Jackson sentenced Stone to 3 years and 4 months. She may well have done that regardless of the unusual high-level interest in the case, which led four Justice Department officials to quit the case.
Here's what Jackson said, dryly alluding to federal sentencing guidelines and the different prosecutors' recommendation:
“For those who woke up last week and became persuaded that the guidelines are harsh and perhaps sentences shouldn’t be driven by strict application of a mathematical formula … I can assure you that defense attorneys and judges have been making that argument for a very long time.
“But we don’t usually succeed in getting the government to agree.”
In other words, Attorney General William Barr's prosecutors are not ordinarily the ones expected to chafe against "strict application." That's normally the role of defense attorneys and judges.
Jackson even called the intervention "unprecedented."
Stone, she said, “was not prosecuted for standing up for the president; he was prosecuted for covering up for the president.”
Arguing for leniency, the defense offered some interesting words of its own.

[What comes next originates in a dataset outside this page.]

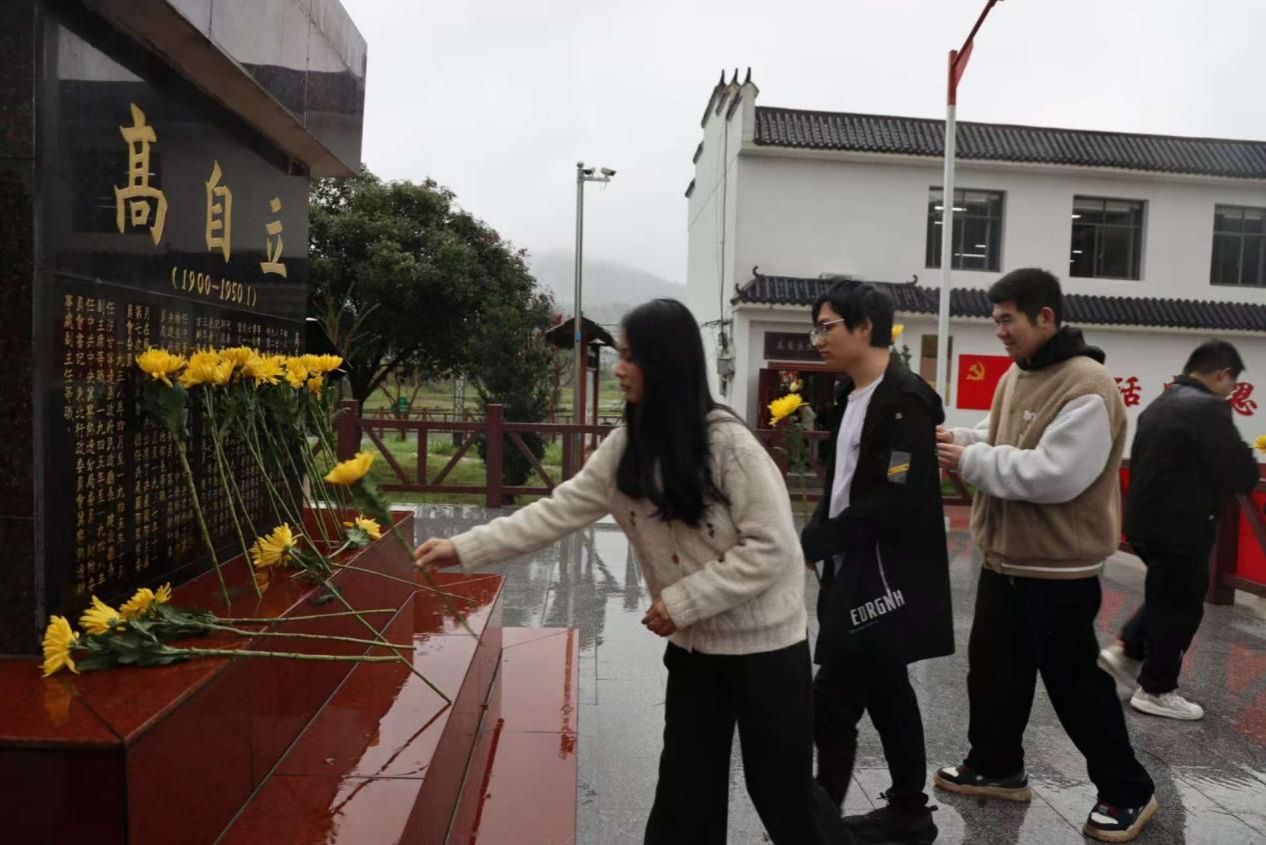 清明祭英烈，薪火永相传——萍乡学院“安源红”大学生宣讲团联合学院学生党支部走进青山镇源头村开展清明节主题宣讲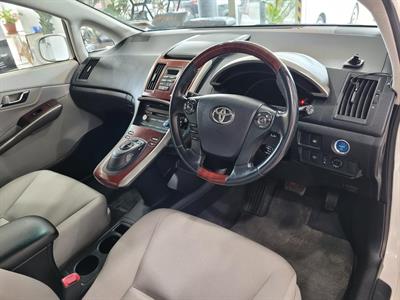 2010 Toyota Sai - Thumbnail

Lawyer Seth Ginsberg argued that New York City activist and radio host Randy Credico, who Stone threatened, understood that the self-proclaimed dirty trickster was "all bark and no bite."
Credico said in a letter appealing for leniency: “The bottom line is Mr. Stone, at his core, is an insecure person who craves and recklessly pursues attention …"
Pleading buffoonery may serve Stone's immediate purpose. But it has to make you wonder why Trump keeps such a clown so close, so many years after publicly calling him a loser and a braggart.
Or how anyone would consider it a matter of justice or mercy for Trump to pardon Stone as hinted, or call for a retrial as he's done, or post nasty tweets about the judge and jury forewoman on Twitter.
Maybe it's just that, even after three years in the Oval Office, Trumpian political antics have a way of coming close to a farcical drama when they reach a criminal courtroom.
Another example arose overseas this week.
In a magistrate's court in London, lawyers for WikiLeaks founder Julian Assange, who's fighting extradition to the U.S. over hacked documents, leveled a startling claim.
Trump, they said, sent a message through former Rep. Dana Rohrabacher that he was "offering a pardon or some other way out if Mr. Assange … said Russia had nothing to do with the DNC [Democratic National Committee] leaks."
Rohrabacher (R-Calif.), widely known as Kremlin-friendly while in office, has said he made the proposal on his own without White House endorsement.
"I was on my own fact-finding mission at personal expense to find out information I thought was important to our country," he wrote on his blog.
"I told him that if he could provide me information and evidence about who actually gave him the DNC emails, I would then call on President Trump to pardon him."
The White House, meanwhile, denied Assange's claim and said the president barely knew Rohrabacher.